Photo credit: Kathy Hutchins /

After portraying Montgomery “Mont” Allen in The Last Black Man in San Francisco, Jonathan Majors’ career is bustling with opportunity. Indeed, he’s set to appear in Spike Lee’s upcoming epic war drama film Da 5 Bloods about four African-American Vietnam vets who journey back to Vietnam. And he’ll be a series regular on HBO’s upcoming drama-horror series Lovecraft Country based on Matt Ruff’s novel of the same name, produced by J.J. Abrams and Jordan Peele.

Playing Mont is proving to be Majors’ breakthrough role. Directed and produced by Joe Talbot, The Last Black Man in San Francisco is partly based on co-starring actor Jimmie Fails’ life. Described as a “love letter to San Francisco,” the film premiered at the Sundance Film Festival in 2019 and went on to win Best Directing and Special Jury Prize for Creative Collaboration Awards. It later had a theater release in June of 2019.

The character Jimmie Fails hopes to reclaim his childhood house that his grandfather built; it’s greatly increased in value over the years following gentrification of the Bay Area. Mont plays Fail’s best friend, and the two comrades try to figure out how they fit into the changing social world of their city. 

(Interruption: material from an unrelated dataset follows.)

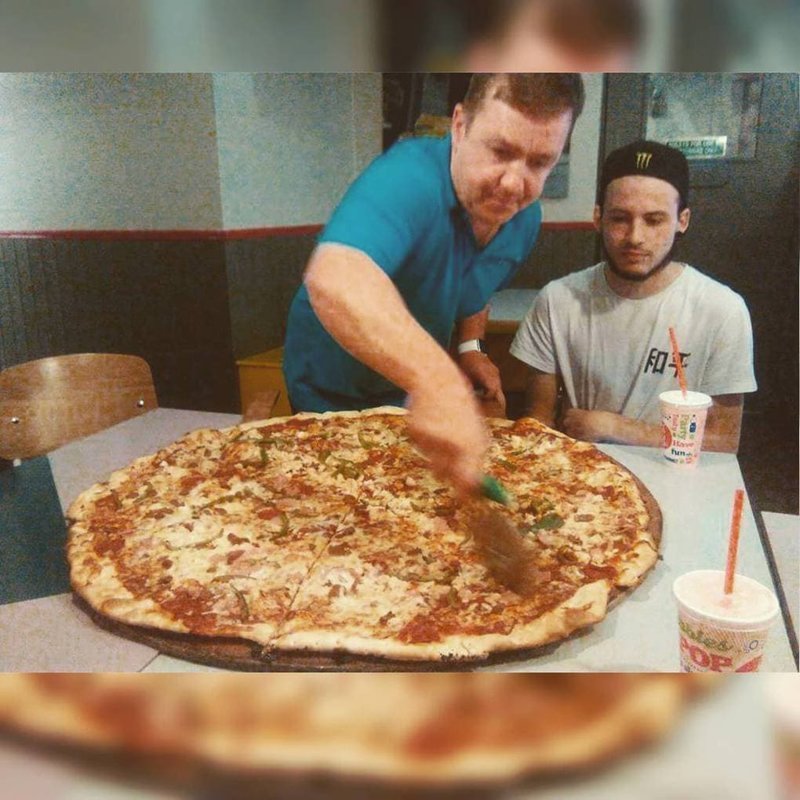 In a pizzeria in Dublin you can eat pizza for free and earn money - Pizza, Challenge, Challenge accepted, Longpost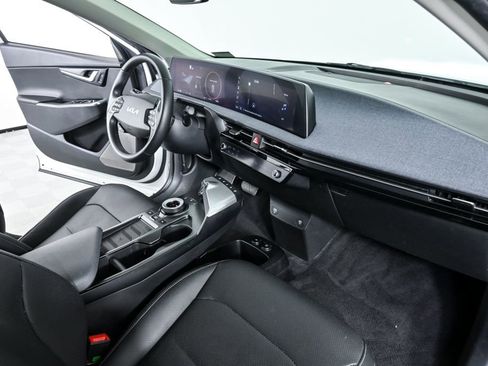 Used 2022 Kia EV6 Wind w/ Wind Technology Package image 24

In an interview with Variety, Majors revealed how he landed the pivotal role. Initially, he was sent the script while living in Harlem, and he immediately found it to be a “special part” with a “great deal of potential.” “It touched something in me,” he said in an interview with David Poland from DP/30: An Oral History of Hollywood“Mont’s quietness and his ferocious quality, his loyalty to his friend, to his hood, and to his town,” drew him to the part. So Majors submitted a self-tape and soon received notes back whereupon he made a second self-tape. The next thing he knew, the production was paying for his airline ticket to San Francisco.

Arriving in California, Majors planned to pay for a hotel room—until he found out his credit card didn’t have enough money to cover the cost. After finishing roles in a couple of films (Captive State and Out of Blue) he was unemployed. “I was so broke,” Majors recalls. “I couldn’t pay for a hotel that I thought I could pay for. I’m like f*** it, I’ll just walk around San Francisco at night running lines. [But] my new manager called them and somehow convinces these guys to let me stay and give me a room, puts her credit card down. And so I go in [to audition] and there’s nothing but love.” 

Elaborating on that love, the 30-year-old actor says, “It was quite magical how it worked.” Before the actual audition, Talbot and Fails invited Majors on a walk and talked about his character and the themes of the film. It became clear that the three men had an instant rapport. As Majors and Fails’ characters would need to demonstrate a trusting and caring friendship, Fails recalls feeling assured when he met Majors, saying, “When we met Jonathan, it wasn’t hard to [appear as close friends]. He just became like our third brother.”

After the walk, the men continued to talk at length. But what Majors really wanted to do was show them what he had to offer with his character. Finally, he was able to audition for the part, and the trio followed it up with a lot of improv. “This [audition] ended up going all day. I had lunch and dinner with them,” Majors remembers.

Although Majors was born in California, he was raised in Texas. Later, he attended the University of North Carolina School of the Arts where he earned a BA and subsequently attended Yale School of Drama as a graduate acting student, graduating in 2016.

“Eight years of steady acting training nonstop … three years in the profession. And I’m still in the apprentice mode, and I’m still watching everybody and learning,” Majors told Variety.

But clearly, Majors is doing something very right.